Para ser fieles, y felices, es preciso tener siempre los ojos fijos en
Jesús5, como el corredor que, iniciada la carrera, no se distrae en
otros asuntos: solo le importa la meta; como el labrador que se fija en un
punto de referencia y hacia él dirige el arado. Si mira atrás, el surco le sale
torcido.
A veces, la tentación de mirar atrás puede
llegar a causa de las propias limitaciones, del ambiente que choca frontalmente
con los compromisos contraídos, de la conducta de personas que tendrían que ser
ejemplares y no lo son y, por eso mismo, parecen querer dar a entender que
el ser fiel no es un valor fundamental de la persona; en otras
ocasiones puede llegar esa tentación a causa de la falta de esperanza, al ver
la santidad como lejana a pesar de los esfuerzos, de luchar una y otra vez.

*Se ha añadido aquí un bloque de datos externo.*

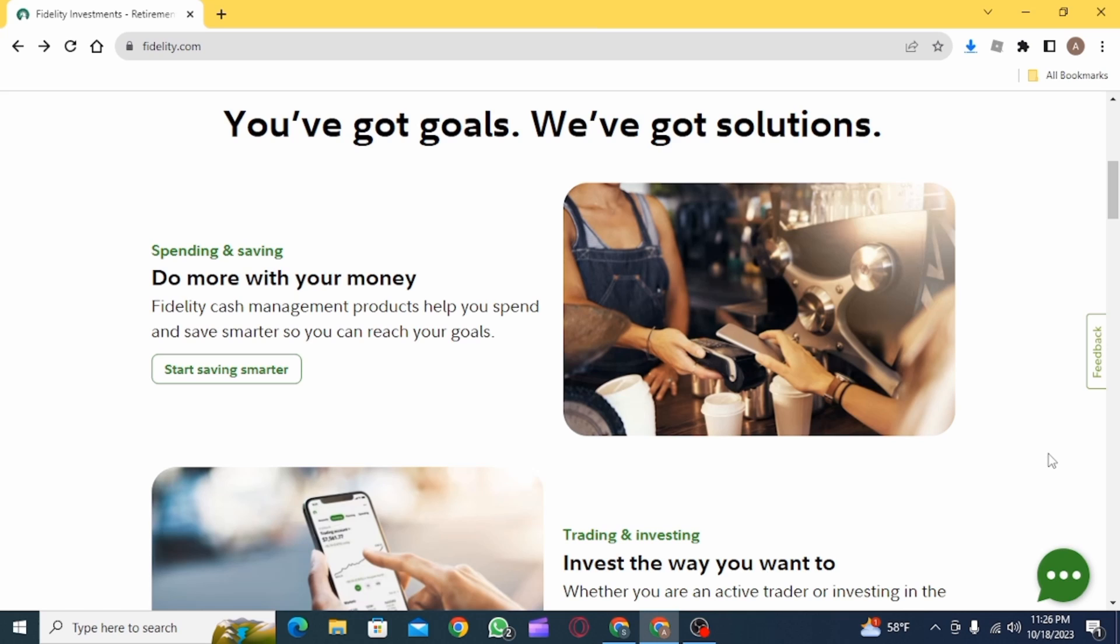And in order to receive money, you just need to enroll your email address or US mobile number and then ask them to send the money with Zelle. In this way, you can use the Zelle app with Fidelity Investments.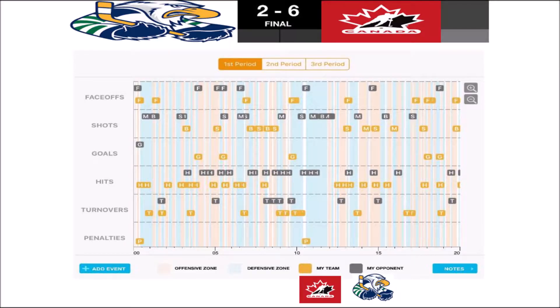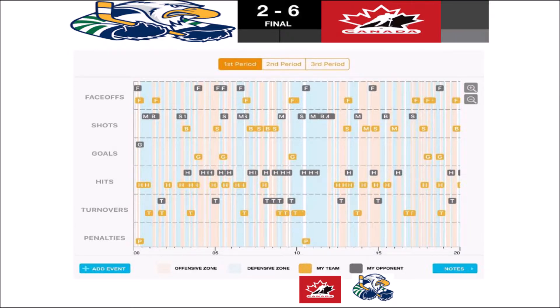This is the first period of a game with Team Canada. The headings of face-offs, shots, goals, hits, turnovers, and penalties are on the far left. All the events are tracked for both teams inside the grid.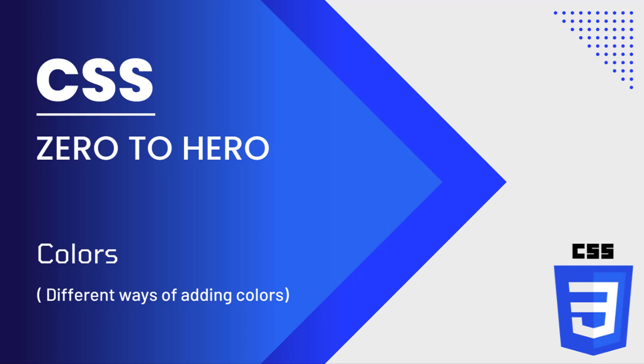Hi friends. Welcome back to CSS Zero to Hero. This series is for beginners who want to learn CSS. In this video, I'm going to explain the different ways of specifying colors in CSS. Let's start.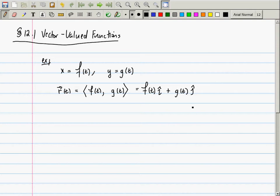The domain of r is scalars, right? We're plugging in scalars t and we are producing vectors: f of t times i plus g of t times j. Scalars to vectors. So just as a brief comment, by the way, this is the way calculus is going to go.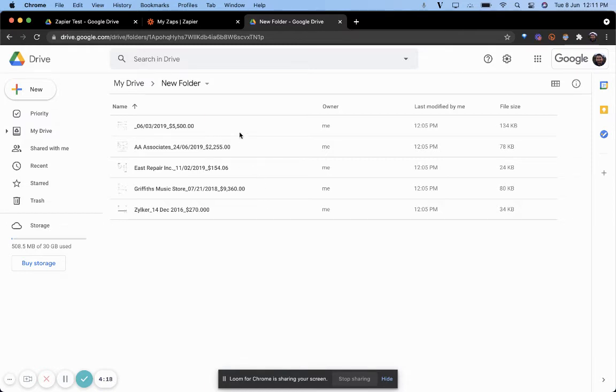The format being name, date, and amount. That's it.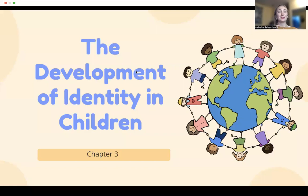Hello, all, and welcome to our chapter three discussion on the development of identity in children. I hope you're all having fabulous weeks, and we're going to go ahead and just jump right into this.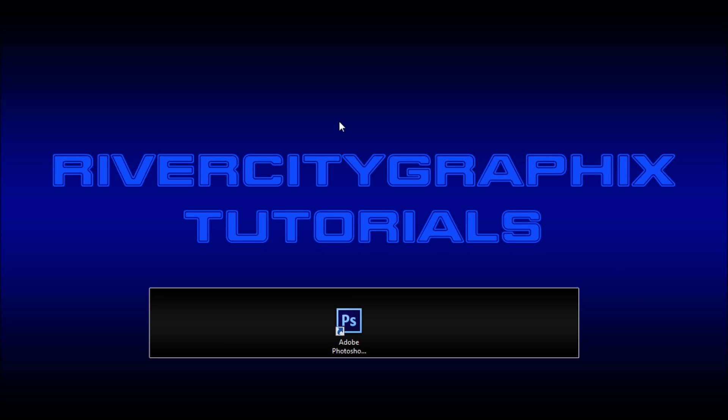Welcome to this tutorial brought to you by River City Graphics. Today I'll be showing you some of the new features of the shape tools in Photoshop CS6.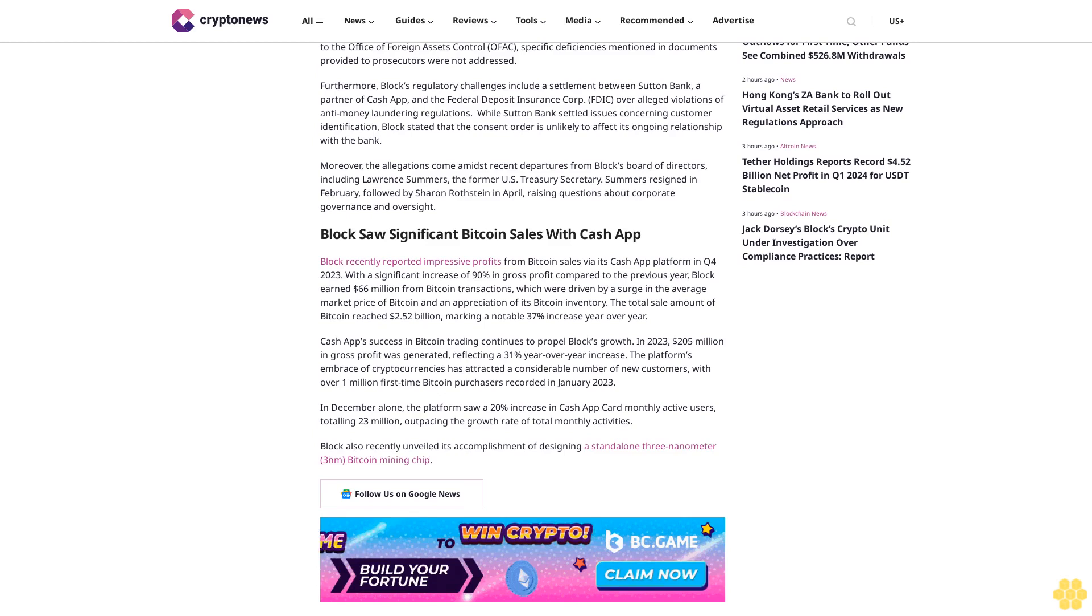In December alone, the platform saw a 20% increase in Cash App card monthly active users, totaling $23 million, outpacing the growth rate of total monthly activities. Block also recently unveiled its accomplishment of designing a standalone 3-nanometer Bitcoin mining chip.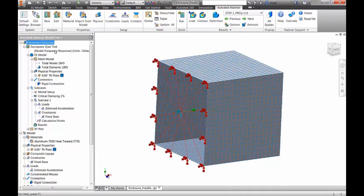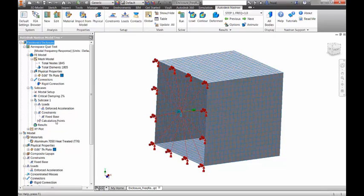The mounting locations of the enclosure are tied together with a rigid element and an enforced acceleration load spectrum is applied in the x-direction to that center point. Critical damping of 2% is applied and multiple techniques for specifying frequency response calculation points are utilized.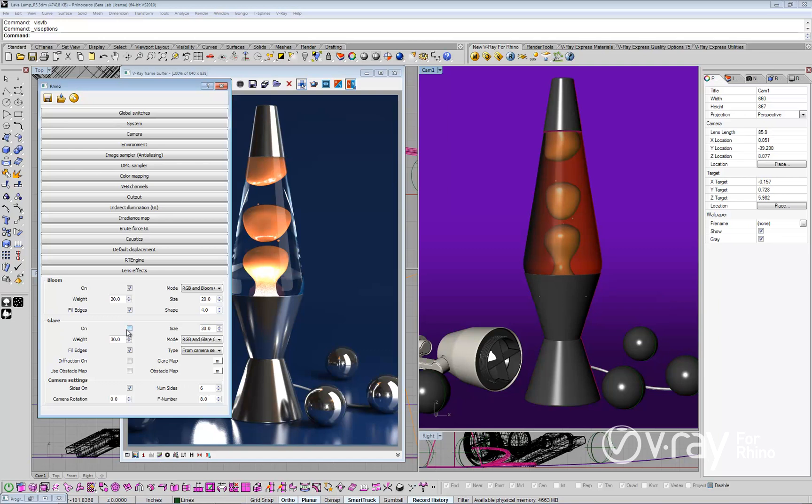In the V-Ray options, let's simply enable the bloom and glare effects. We will change the glare size to zero for now, so that we focus on the bloom effect.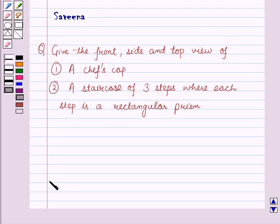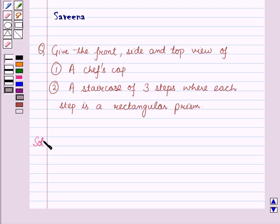Hello and welcome to this session. In this session, we will discuss a question which says: give the front, side and top view of a chef's cap, and a staircase of three steps where each step is a rectangular prism. Now let us start with the solution of the given question.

«Después del entusiasmo inicial, han comenzado las vacilaciones, los titubeos,
los temores. —Te preocupan los estudios, la familia, la cuestión económica y,
sobre todo, el pensamiento de que no puedes, de que quizá no sirves, de que te
falta experiencia de la vida.
»Te daré un medio seguro para superar esos temores
–tentaciones del diablo o de tu falta de generosidad!–: “desprécialos”, quita
de tu memoria esos recuerdos. Ya lo predicó de modo tajante el Maestro hace
veinte siglos: “¡no vuelvas la cara atrás!”»6.
Por el contrario, en esas situaciones, que pueden cargarse de añoranzas, hemos
de mirar a Cristo que nos dice: Sé fiel, sigue adelante. Y siempre
que nuestra mirada se dirige a Jesús adelantamos un buen trecho en el camino.
«No existe jamás razón suficiente para volver la cara atrás»7.
«Mirar atrás -enseña
San Atanasio- no es sino tener pesares y volver a tomarle gusto a las cosas del
mundo»8. Es la tibieza, que se introduce en el corazón de quien no
tiene los ojos puestos en el Señor; es no haber llenado el corazón de Dios y de
las cosas nobles de la propia vocación.
Mirar atrás, a lo
que se dejó, «a lo que pudo ser», con nostalgia o tristeza puede significar en
muchos casos romper la reja del arado contra una piedra, o por lo menos que el
surco, la misión encomendada, salga torcido... Y en la tarea sobrenatural a la
que el Señor nos llama a todos, lo que está en juego son las almas.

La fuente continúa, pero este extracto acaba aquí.